┌─ COLLECTED DATA

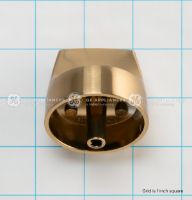 Picture of OEM General Electric (GE) WB03X46010 Champaigne Gold Knob And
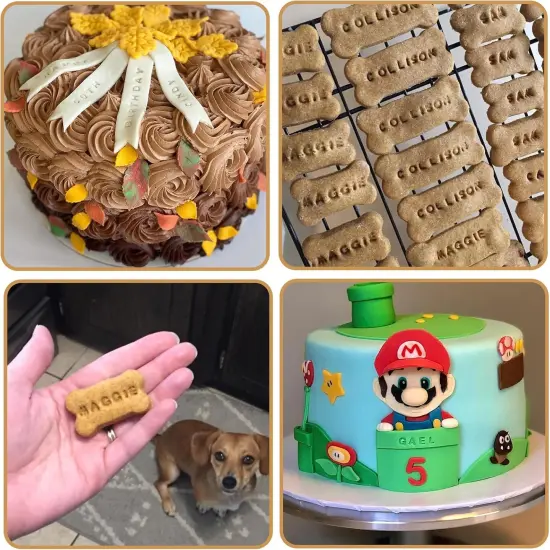 Alphabet & Number Cookie Cutter Set 172 Pieces {6}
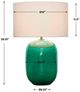 Uttermost® Hollis Teal Table Lamp-2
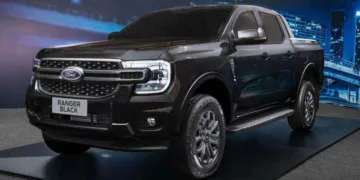 ford ranger black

└─

# TO DO
Everything from the line that contains "Alphabet & Number" to the final line of the data is to be duplicated exactly, both ends included, except the pictures.

# WRITTEN RESPONSE
 Alphabet & Number Cookie Cutter Set 172 Pieces {6}
 Uttermost® Hollis Teal Table Lamp-2
 ford ranger black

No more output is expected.